Stored records
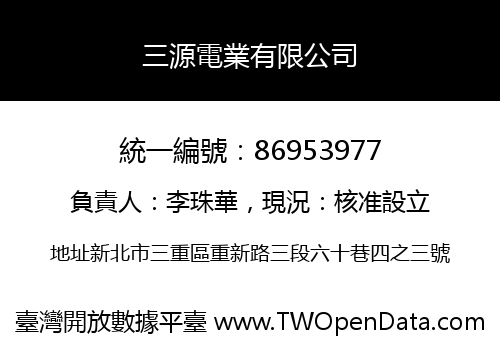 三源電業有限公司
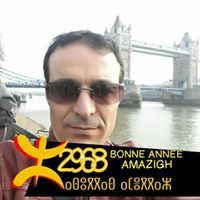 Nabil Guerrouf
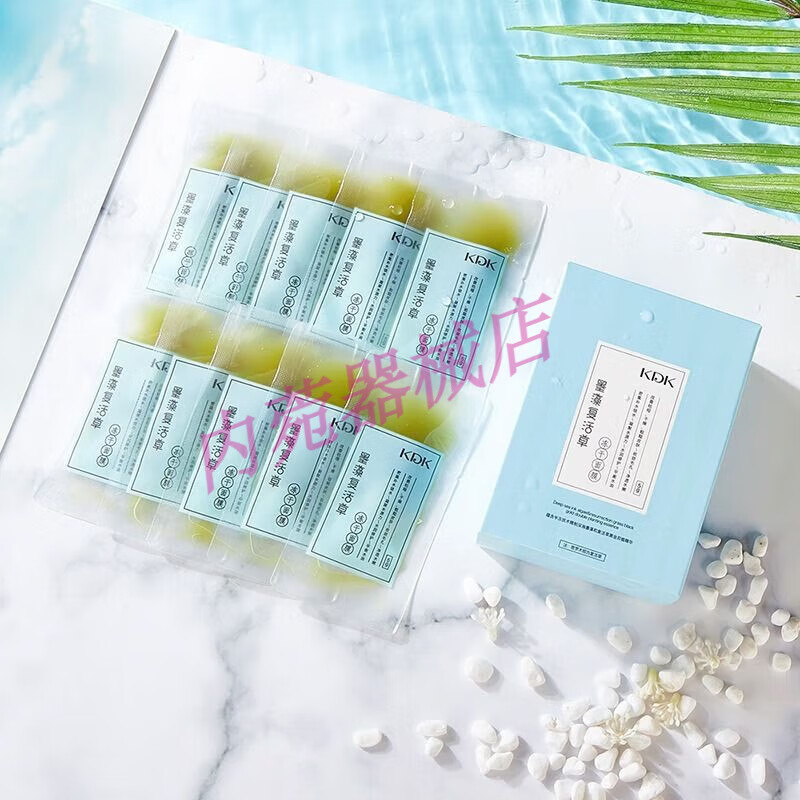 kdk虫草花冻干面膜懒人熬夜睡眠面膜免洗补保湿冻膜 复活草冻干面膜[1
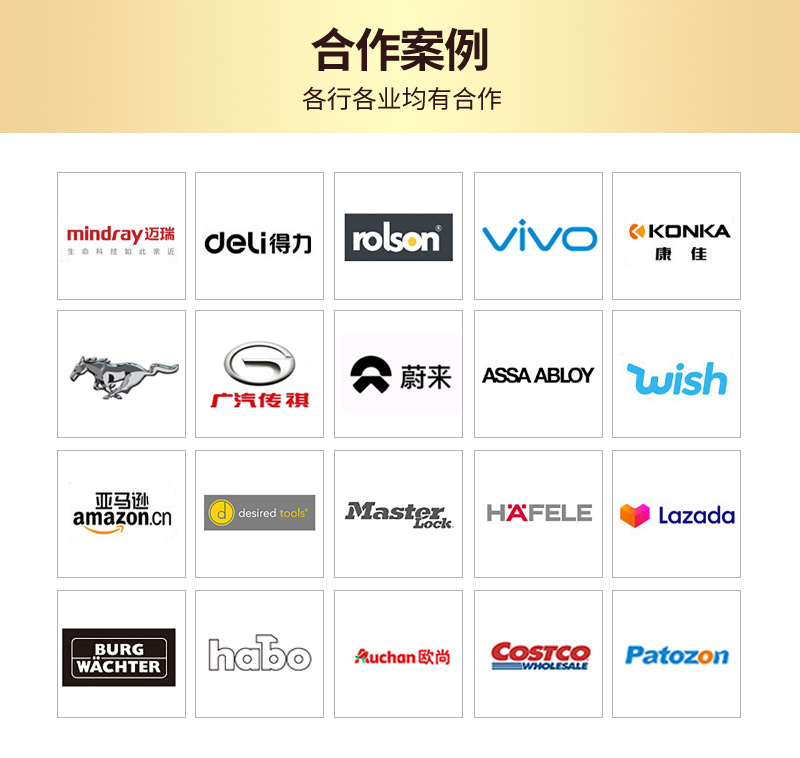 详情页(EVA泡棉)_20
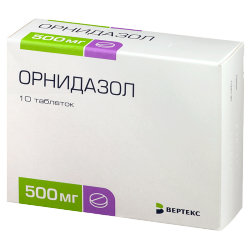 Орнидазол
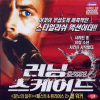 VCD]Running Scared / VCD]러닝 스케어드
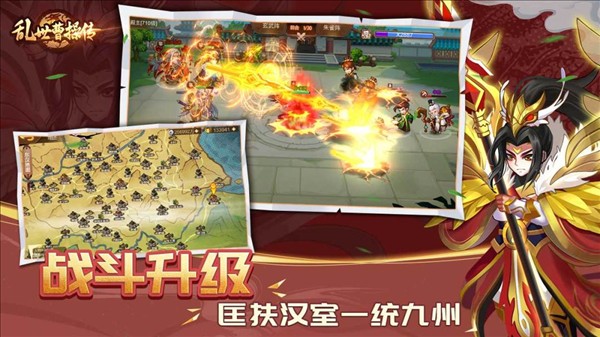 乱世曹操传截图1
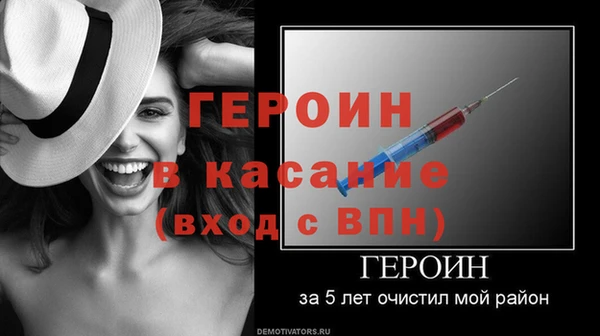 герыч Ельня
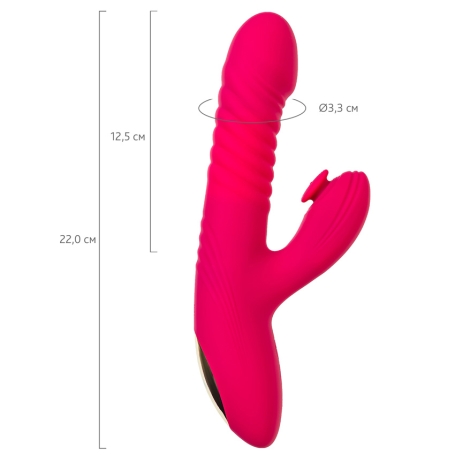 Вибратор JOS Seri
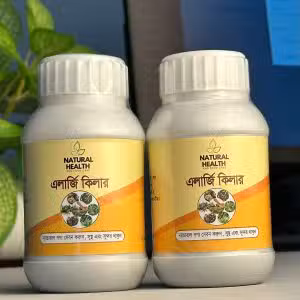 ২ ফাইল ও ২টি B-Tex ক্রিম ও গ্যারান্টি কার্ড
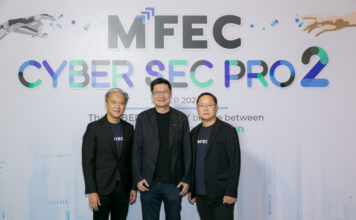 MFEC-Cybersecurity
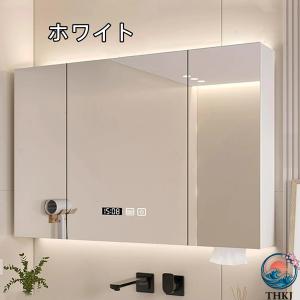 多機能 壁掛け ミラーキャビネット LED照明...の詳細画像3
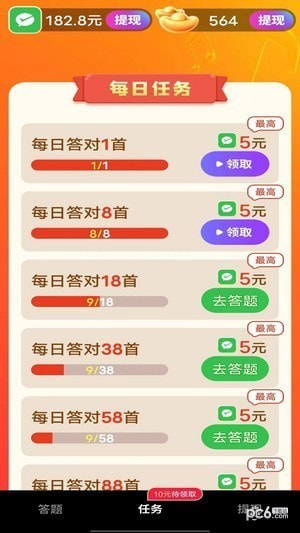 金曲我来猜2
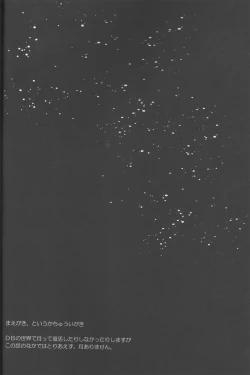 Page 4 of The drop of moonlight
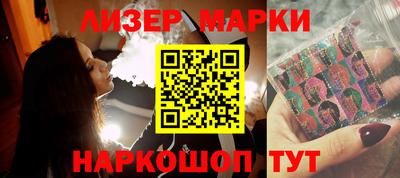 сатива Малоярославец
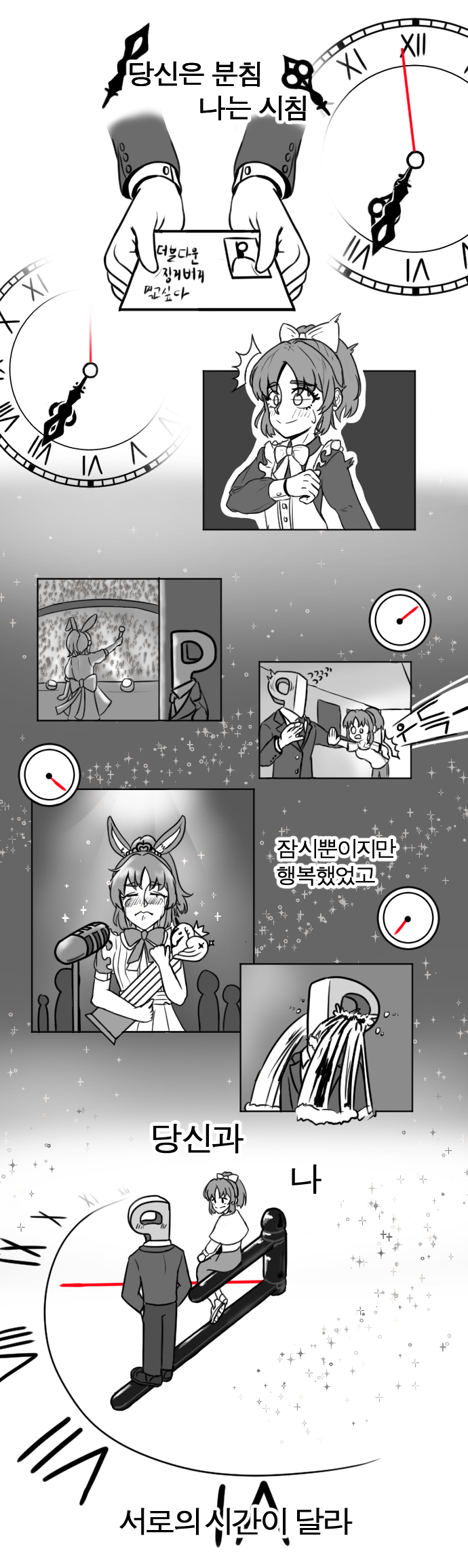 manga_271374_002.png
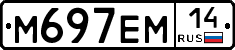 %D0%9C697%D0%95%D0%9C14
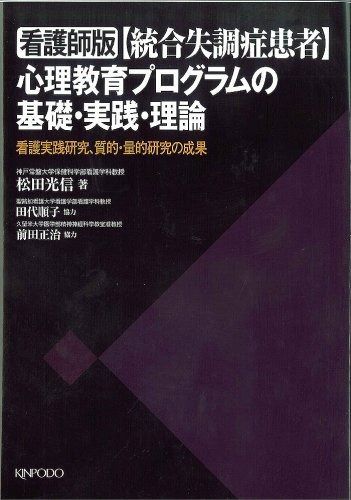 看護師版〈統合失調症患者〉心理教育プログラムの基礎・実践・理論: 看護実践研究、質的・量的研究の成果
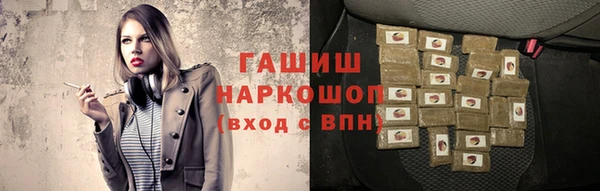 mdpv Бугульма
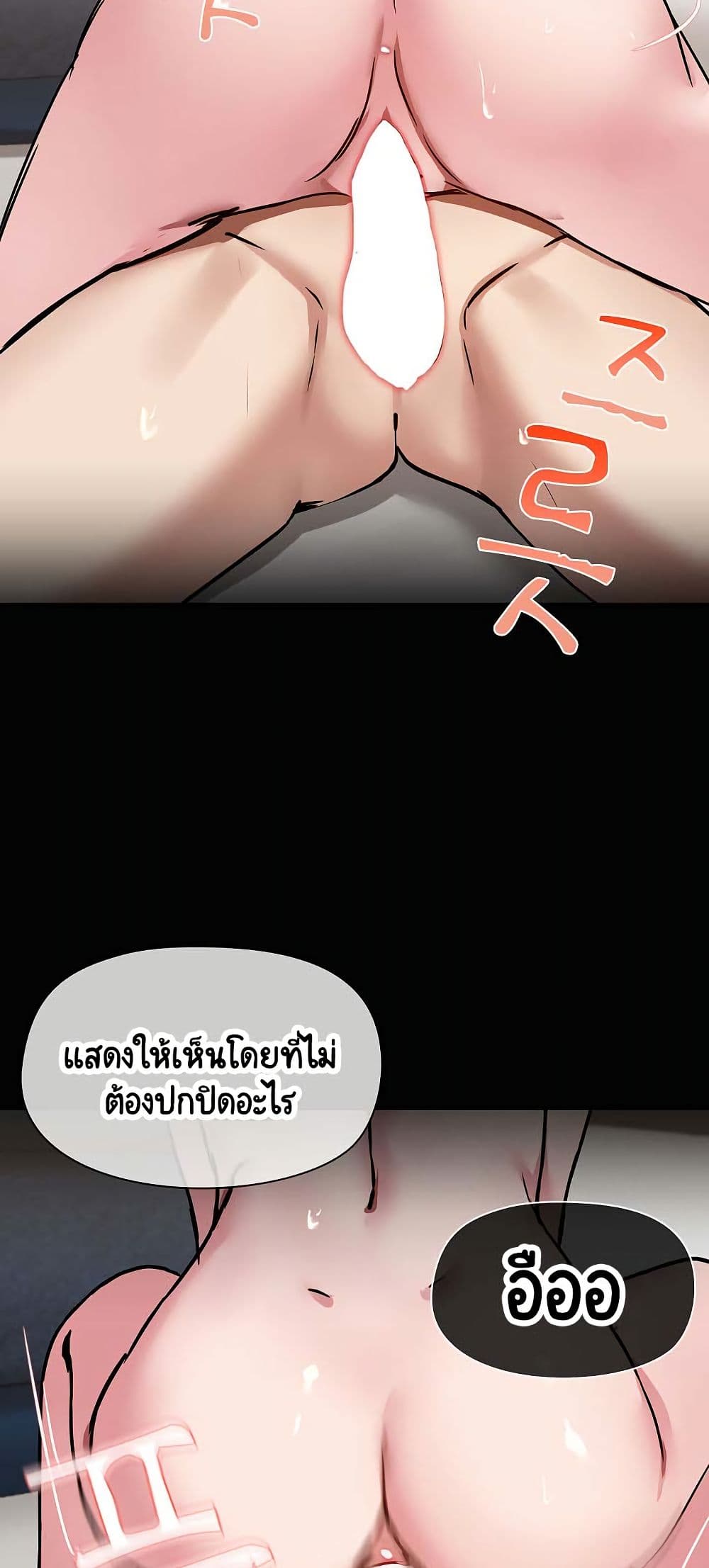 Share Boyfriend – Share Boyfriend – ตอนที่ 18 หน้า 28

## Exercise prompt
Please give a word-for-word transcript of the lines from the one holding "VCD]Running Scared / VCD]러닝 스케어드" through the final line of the entries, both ends kept, with no pictures.

## Response
 VCD]Running Scared / VCD]러닝 스케어드
 乱世曹操传截图1
 герыч Ельня
 Вибратор JOS Seri
 ২ ফাইল ও ২টি B-Tex ক্রিম ও গ্যারান্টি কার্ড
 MFEC-Cybersecurity
 多機能 壁掛け ミラーキャビネット LED照明...の詳細画像3
 金曲我来猜2
 Page 4 of The drop of moonlight
 сатива Малоярославец
 manga_271374_002.png
 %D0%9C697%D0%95%D0%9C14
 看護師版〈統合失調症患者〉心理教育プログラムの基礎・実践・理論: 看護実践研究、質的・量的研究の成果
 mdpv Бугульма
 Share Boyfriend – Share Boyfriend – ตอนที่ 18 หน้า 28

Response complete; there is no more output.